_GIVEN DATA:_
-=-=-

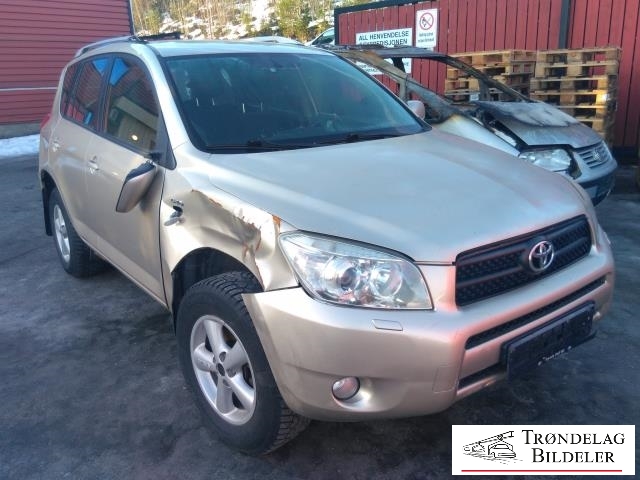 Toyota RAV4 2006-2009 (Type III, Fase 1) , Motorkode: 2AD-FTV|DPF, Girkassekode: 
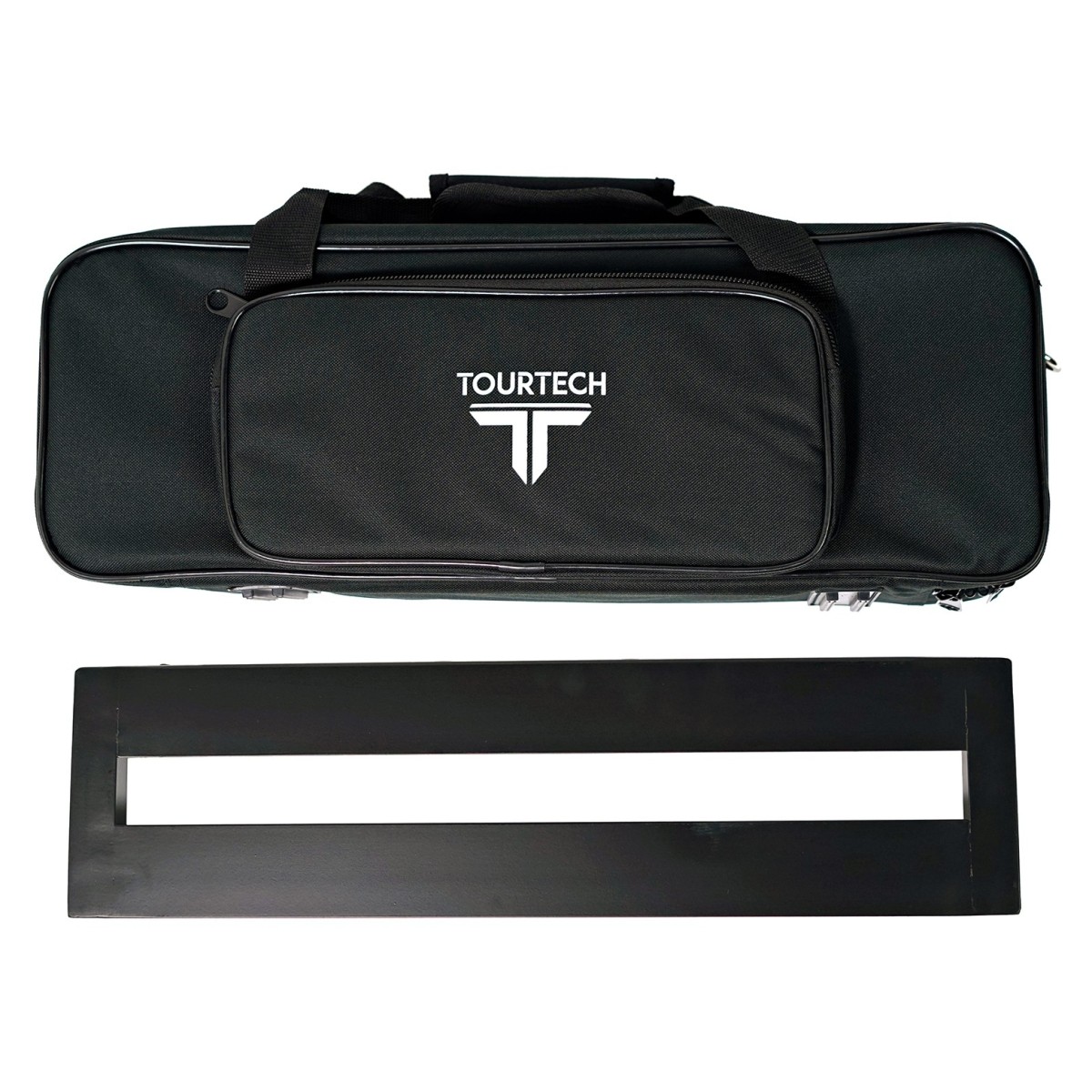 Tourtech TTPB-5S-B Pedal Board with Bag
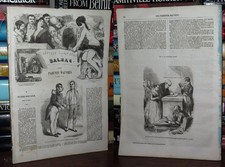 Balzac, Honor? De LES PARENTS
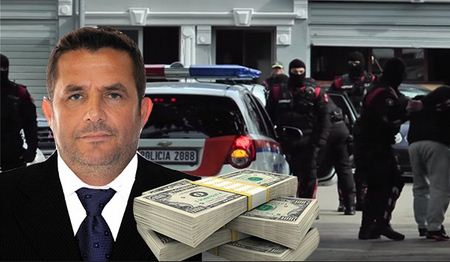 Rritet çmimi i “kokës” së Balilit, Policia edhe 30 mijë euro shpërblim për informatorët sekretë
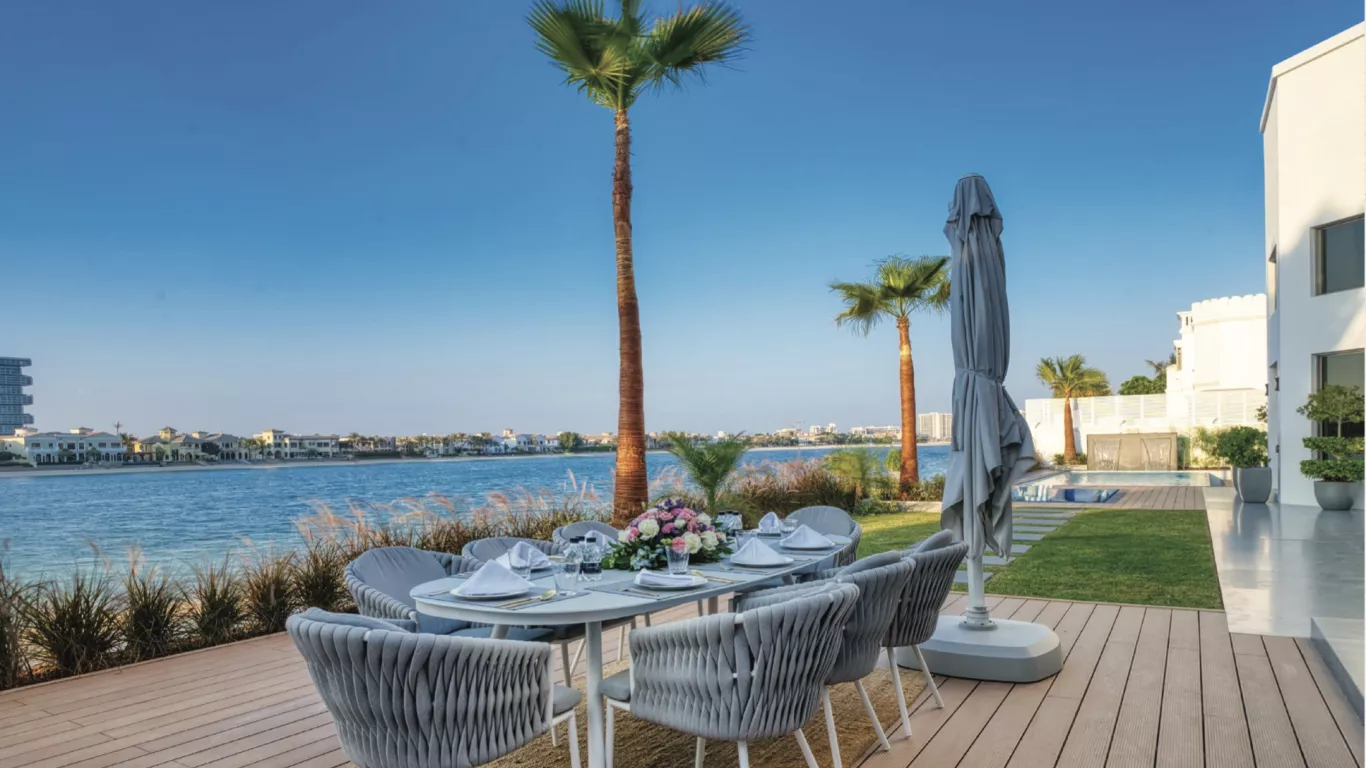 Villa Amalfi | Dubai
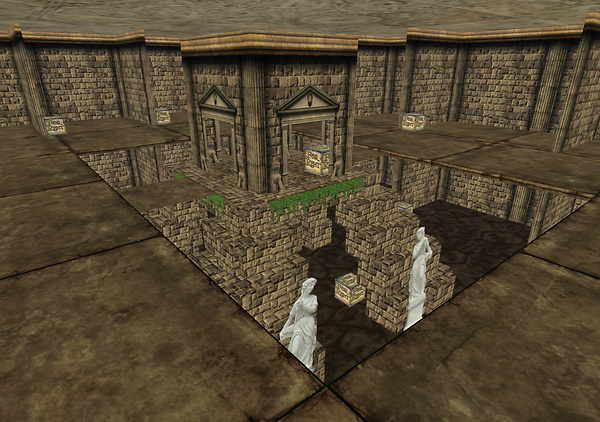 Role Play Market - Ancient Civilizations RP Interior2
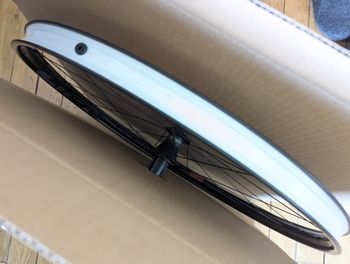 Zipp 101 XPLR Carbon HG Gravel Rear Wheel bike d'occasion — image 11 sur 12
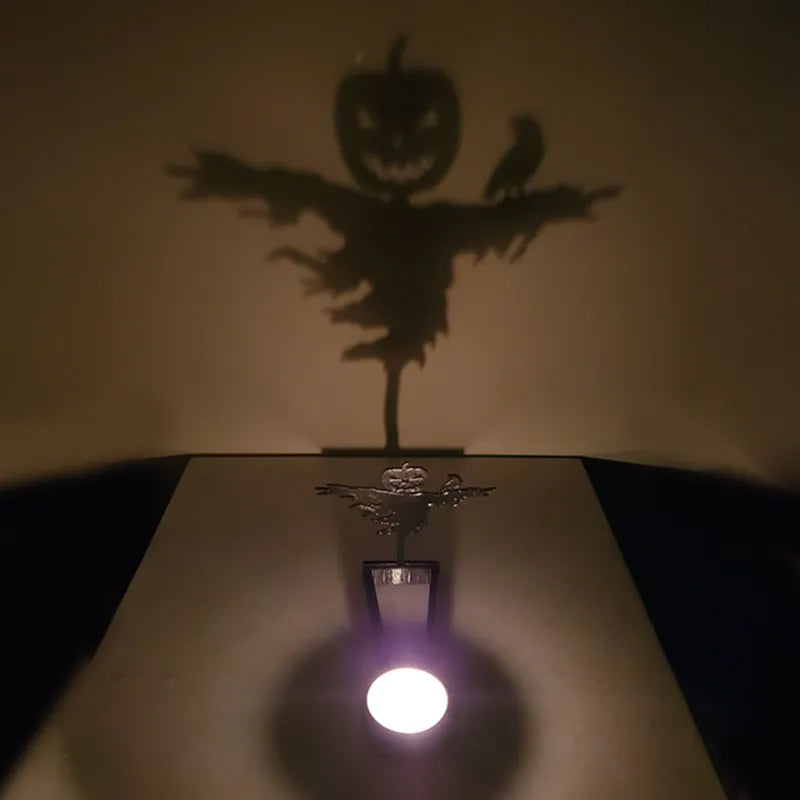 Tealight Shadowcaster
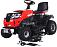 Садовый трактор Oleo-Mac OM 109L/16 K (PRC, Emak K 1600 AVD, 452 см3, 108 см., боковой выброс, гидростатика, 170 кг.)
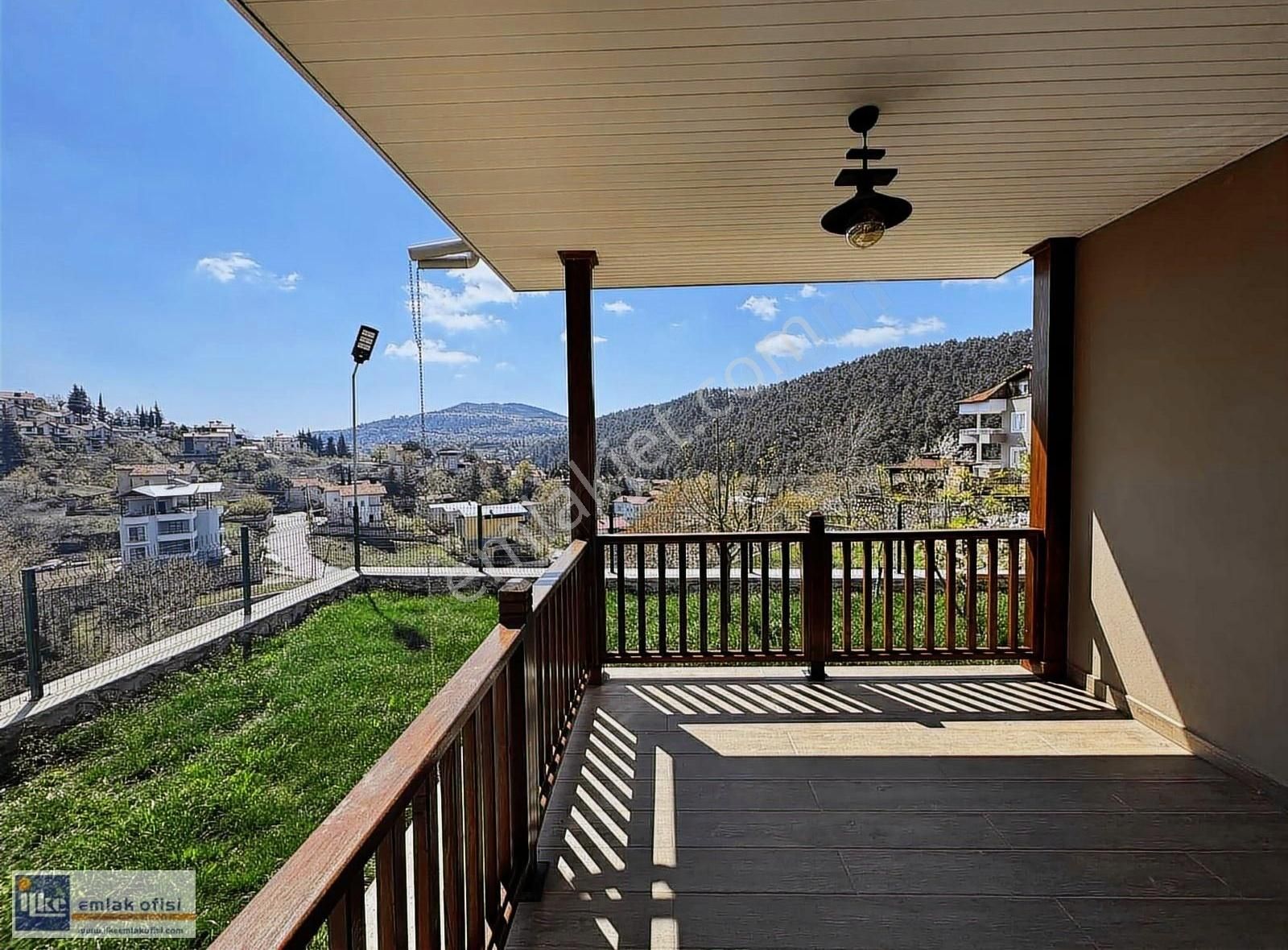 İlke'den Bekiralanında Dublex 4+1 Satılık Yayla Evi - Görsel 3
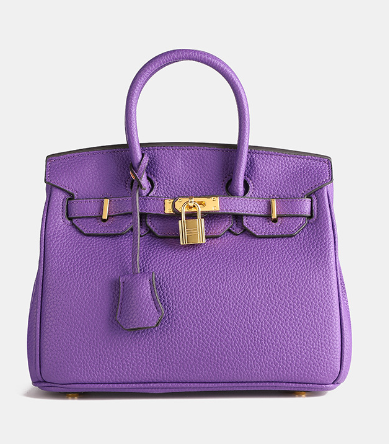 Inaya | Chique Leren Tas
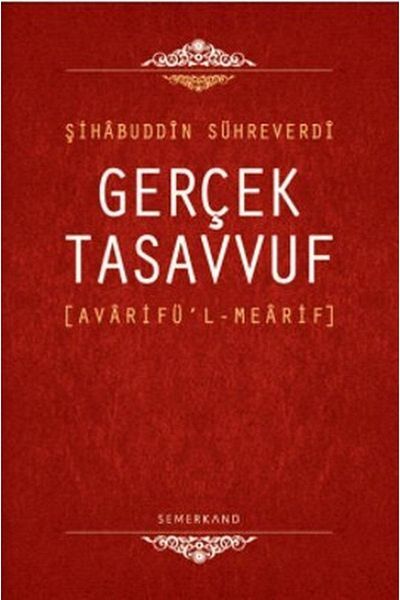 Semerkand Yayınları True Sufism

-=-=-

The pictures stay out; everything else in the records above must be repeated exactly.

 Toyota RAV4 2006-2009 (Type III, Fase 1) , Motorkode: 2AD-FTV|DPF, Girkassekode: 
 Tourtech TTPB-5S-B Pedal Board with Bag
 Balzac, Honor? De LES PARENTS
 Rritet çmimi i “kokës” së Balilit, Policia edhe 30 mijë euro shpërblim për informatorët sekretë
 Villa Amalfi | Dubai
 Role Play Market - Ancient Civilizations RP Interior2
 Zipp 101 XPLR Carbon HG Gravel Rear Wheel bike d'occasion — image 11 sur 12
 Tealight Shadowcaster
 Садовый трактор Oleo-Mac OM 109L/16 K (PRC, Emak K 1600 AVD, 452 см3, 108 см., боковой выброс, гидростатика, 170 кг.)
 İlke'den Bekiralanında Dublex 4+1 Satılık Yayla Evi - Görsel 3
 Inaya | Chique Leren Tas
 Semerkand Yayınları True Sufism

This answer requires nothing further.